空を飛び、海も航行する空中船ですが、地上に着陸することも多いのです。その際、胴体着陸では傷んでしまいますので、このような着陸用の脚が必要になるのです。飛行中はただのお荷物ですので、翼の形状をとることで多少は舵として役立てよう、という設定です。

切り出し

着陸翼脚の形状にあわせて、バルサ材の板を切り出します。
翼というパーツの厚みを、板材の厚みで表現してしまおうというのは、かなり荒っぽい思考でした。丈夫なのはいいのですが、やはり重過ぎます。

3枚の翼

この機体の翼脚は、左右に一対、尾翼として1枚の、計3枚です。
全木製で、かなりゴツいですね。はしっこについている球体関節状のものは、本体とのジョイント部です。100均で買った「自由に角度を変えられるペンライト」の軸受けパーツをもぎとって使用しています。球体ジョイントですので、角度だけでなく、回転方向にも向きを変えることができます。ただ、パーツが重過ぎて、この部品の摩擦固定力では不足でした。真横に伸ばした状態などでは、重力に負けて下がってきてしまうこともあります。

板金

表面は薄い金属板を貼り重ねている、という設定です。
コピー用紙を切ったものを、それらしく重ね貼りしていきます。

本体に近いところ

本体側に近いところです。
たぶんメンテナンス時などに、整備員が乗ったりする必要があると思い、ハッチと手すりをつけました。

本体とのジョイント

本体とのジョイント部です。
ここは非常に悩み、迷った箇所です。見せるか隠すか。

全体の設計上の矛盾やツジツマあわせが、この箇所に人体の「つむじ」のようにシワヨセとなって押し寄せたかのようです(?)。

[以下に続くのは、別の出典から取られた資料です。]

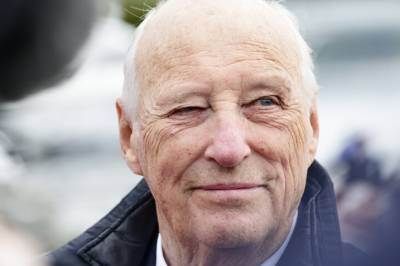 Kongens helsetilstand er forverret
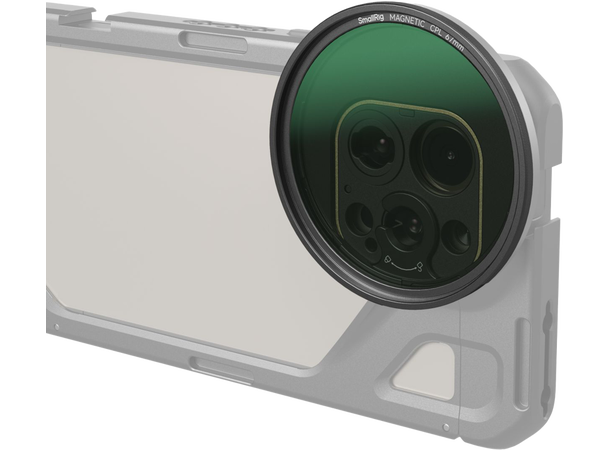 SmallRig 4582 Attachable CPL Filter 67mm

実機では油圧のシリンダーや軸受けなどの複雑な構造になっているはずですが、私の技術では、それを可動状態で、しかもそこそこの耐久性のある方法で表現するのは、とてもとても難しい、と判断しました。よって、隠すほうを選びます。

しかし、隠すと簡単に言っても、そう簡単ではありませんでした。合成レザーをなにやら微妙な形状にカットし、糸で縫い合わせ、なんとか稼働範囲はカバーできるようにしました。これは「もう一度やれ」といわれても、できないかもしれません。許してください。

■構造物


ここからはいよいよお楽しみ、本体や操縦席まわりに取り付けられる機材や装置です。順に見ていきます。

乗員のおっさんが使う銃です。
ストックは折りたたみができ、マガジンも着脱可能です。ウキウキしますね!でも1番の工夫は、この銃の船体への設置方法なんですよ!聞いてくださいよ!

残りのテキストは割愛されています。